# "pjarnik" Chrono...coming In November



## sttngfan1701d (Jul 15, 2004)

That's one of 6 designs for the Pjarnik (someone who works in arctic regions, apparently) Chrono that's out in November accoring to this announcement on Poljot.com.

Hmmm....

My grandfather repaired watches, so I was always around them, but I've just recently become interested in acquiring them. And since I'm a college student, I have a very limited budget with which to buy them, hence my going the Invicta route when I wanted a lookalike James Bond watch. I love the little thing, but I always told myself that I'd buy three watches: an automatic diver, a mechanical chronograph, and a nice Swiss watch. The latter will most likely come much later in life when I have the money to splurge on it, but as for the mechanical chrono, I'm beginning to investigate possibilities.

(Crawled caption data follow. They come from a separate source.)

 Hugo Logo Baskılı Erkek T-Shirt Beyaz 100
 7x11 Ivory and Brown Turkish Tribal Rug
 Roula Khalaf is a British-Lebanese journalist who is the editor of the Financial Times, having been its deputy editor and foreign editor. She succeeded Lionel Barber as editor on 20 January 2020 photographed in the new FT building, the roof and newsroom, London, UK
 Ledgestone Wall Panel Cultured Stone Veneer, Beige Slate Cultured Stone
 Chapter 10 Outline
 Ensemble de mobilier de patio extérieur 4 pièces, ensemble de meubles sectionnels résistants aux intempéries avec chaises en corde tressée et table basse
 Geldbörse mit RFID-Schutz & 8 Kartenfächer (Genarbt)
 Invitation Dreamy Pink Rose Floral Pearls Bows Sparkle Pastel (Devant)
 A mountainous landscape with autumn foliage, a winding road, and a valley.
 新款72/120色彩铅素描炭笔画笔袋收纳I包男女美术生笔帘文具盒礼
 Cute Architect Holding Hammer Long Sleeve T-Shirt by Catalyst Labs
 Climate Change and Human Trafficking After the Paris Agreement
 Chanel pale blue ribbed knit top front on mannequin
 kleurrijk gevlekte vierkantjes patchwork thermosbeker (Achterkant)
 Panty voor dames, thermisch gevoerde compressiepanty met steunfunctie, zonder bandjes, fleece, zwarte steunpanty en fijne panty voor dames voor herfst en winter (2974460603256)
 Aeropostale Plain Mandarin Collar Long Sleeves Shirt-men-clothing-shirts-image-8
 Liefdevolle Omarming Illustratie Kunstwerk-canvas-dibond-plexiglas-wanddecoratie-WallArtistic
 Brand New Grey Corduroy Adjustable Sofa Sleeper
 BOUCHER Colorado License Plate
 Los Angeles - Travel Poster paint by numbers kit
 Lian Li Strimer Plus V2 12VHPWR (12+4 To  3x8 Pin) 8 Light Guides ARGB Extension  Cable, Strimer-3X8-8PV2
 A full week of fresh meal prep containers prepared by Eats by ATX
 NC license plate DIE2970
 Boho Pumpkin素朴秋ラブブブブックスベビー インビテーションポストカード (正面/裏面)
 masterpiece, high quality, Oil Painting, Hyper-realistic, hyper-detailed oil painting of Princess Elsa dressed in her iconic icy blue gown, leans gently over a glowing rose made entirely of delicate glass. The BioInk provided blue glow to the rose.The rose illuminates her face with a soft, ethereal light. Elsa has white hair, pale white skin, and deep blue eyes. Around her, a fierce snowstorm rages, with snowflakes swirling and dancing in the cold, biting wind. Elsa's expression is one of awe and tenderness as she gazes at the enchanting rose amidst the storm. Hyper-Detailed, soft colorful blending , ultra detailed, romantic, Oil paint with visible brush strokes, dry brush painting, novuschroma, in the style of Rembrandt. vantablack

I've looked into Poljot because the "Russian factor" gives them a kind of uniqueness that's a strong pull for me. But I've heard mixed things about them: hit or miss quality, adjustments needed even on new watches as soon as they arrive on your doorstep, etc. Hearing these things obviously brings about some reservations on my part, but I think that when all is said and done, I'll end up with a Poljot on my wrist. It makes sense, because I already own the wool overcoat and ushanka hat









Anyway, recently I've looked at two possibilities: the sapphire glass Aviator III and the Strela. Now I've heard good things about the Strela - someone even called it the mechanical equivalent to a Valjoux 7750-powered automatic chrono, and apparently it is somewhat better made than some other Poljots. The new Aviator III caught my eye because it had sapphire crystal, something I wish my Invicta had. But given that all I've managed to scratch on my Invicta in six months of daily wear is the polished center link on the bracelet and not the crystal, perhaps sapphire isn't really "mandatory" for me. And the Strela is about the same price as the Aviator III depending on where you get it.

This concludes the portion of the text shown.